Published Jan. 25, 2018

Well, it's Oscar season again, time to revel in what makes this award so special and exciting.

Ladies and gentlemen, we present: The Snubs!

James Franco was snubbed. ("James Franco Goes Surfing Day Before Oscar Snub," TMZ reported.)

"Wonder Woman" was snubbed. (A "major snub," said Forbes.)

Jessica Chastain, Armie Hammer, Tom Hanks, snubbed, snubbed, snubbed.

"Biggest Surprises and Snubs of 2018 Oscar Nominations" said a headline in People magazine.

"The Snubs and Surprises of the 2018 Oscar Nominations," said The New York Times.

"Oscar nominations 2018: Snubbed!" gasped USA Today.

If I had a dollar for every time I read a variation on the word "snub" after the Oscar nominations were announced Tuesday, I'd be as rich as Steven Spielberg, who was also snubbed.

In the course of ordinary conversation, ordinary adults rarely use the word "snub." Except during Hollywood awards season -- or the Grammys, the Emmys and some sports -- it's a word I associate with teenage behavior.

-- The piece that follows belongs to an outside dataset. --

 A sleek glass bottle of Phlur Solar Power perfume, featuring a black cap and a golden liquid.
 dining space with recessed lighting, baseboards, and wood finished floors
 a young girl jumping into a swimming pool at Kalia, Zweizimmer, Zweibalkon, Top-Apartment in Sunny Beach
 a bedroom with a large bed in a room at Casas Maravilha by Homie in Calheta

When I hear it, I see a mean girl in fancy shoes clicking down the high school hallways, nose in the air, refusing to even, like, you know, glance at her rival. I see her, like, totally ignoring the frumpy new girl in the lunchroom. I see the cool football player ignoring the mean girl at the dance and dancing with the frumpy new girl instead. I see gaggles of other kids outraged and entertained by the drama of it all.

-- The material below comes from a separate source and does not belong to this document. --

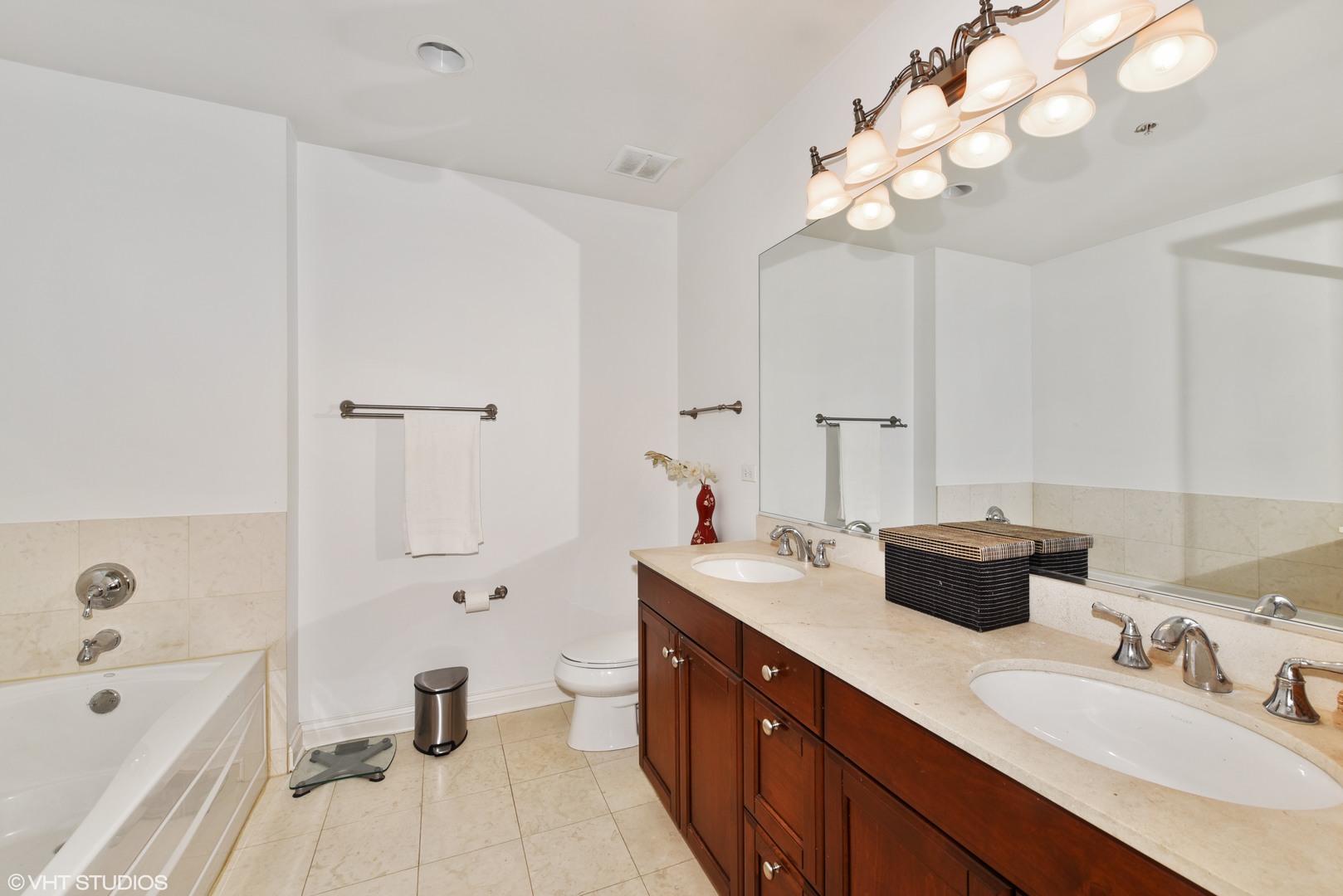 1000 Village Center Drive, Unit 312 Burr Ridge, IL 60527 - Photo 14 of 25 a spacious bathroom with a double vanity sink mirror and a bathtub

Now that's classic snubbing. What happens with the Oscars is mostly something else.

To snub means to rebuff, to ignore, to spurn with disdain. It implies insult, contempt, intentional humiliation.

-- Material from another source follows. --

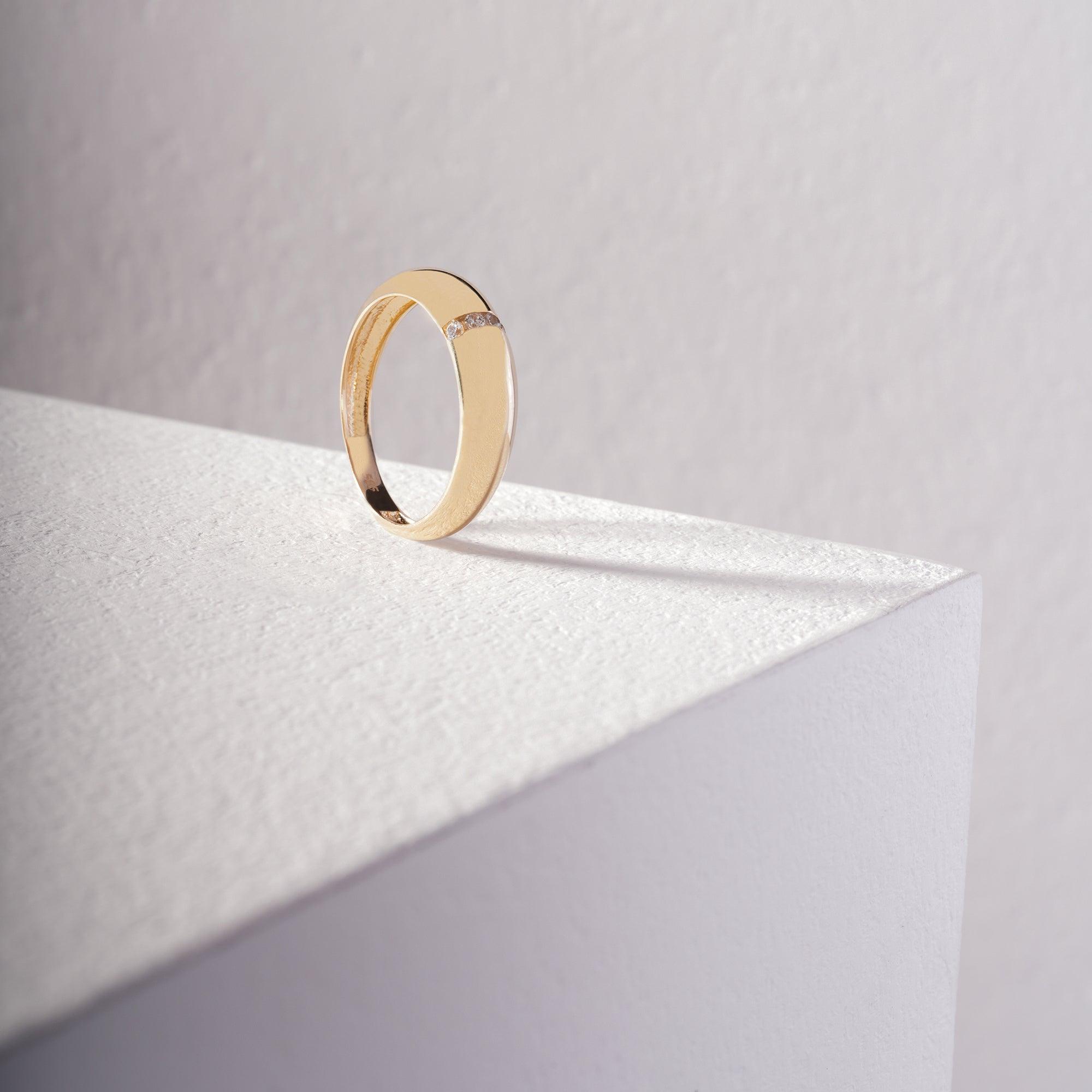 Gold ring with diamond accents on a textured white surface, minimalist jewelry design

If you walk into a party, see an old friend, look in his direction then conspicuously avoid him all night, you've snubbed him. If everyone in your friend group was invited to the party, but you weren't, there's a good chance, my friend, that you were snubbed. When you don't bother to respond to your in-laws' invitations, you've snubbed them.

Not being nominated for an Academy Award isn't necessarily, or even probably, a snub.

A disappointment is not a snub. A questionable judgment is not a snub. Merely being overlooked is not a snub. A bona fide snub deliberately inflicts insult.

A headline in the British newspaper The Telegraph on Tuesday -- "Emmanuel Macron expected to be guest of honour at Donald Trump's first state dinner -- in snub to Theresa May" -- may have been a legitimate use of the word.

But back to the Oscars.

Were some of the actors, directors, makeup artists and others who weren't nominated better than some who were? Could be.

But art, unlike sports, is subjectively scored, and all artistic awards come with a big dollop of caprice. They depend on the tastes and moods of the judges, on who the competition is, on the zeitgeist. Bad luck is not a snub. Neither is bad judgment.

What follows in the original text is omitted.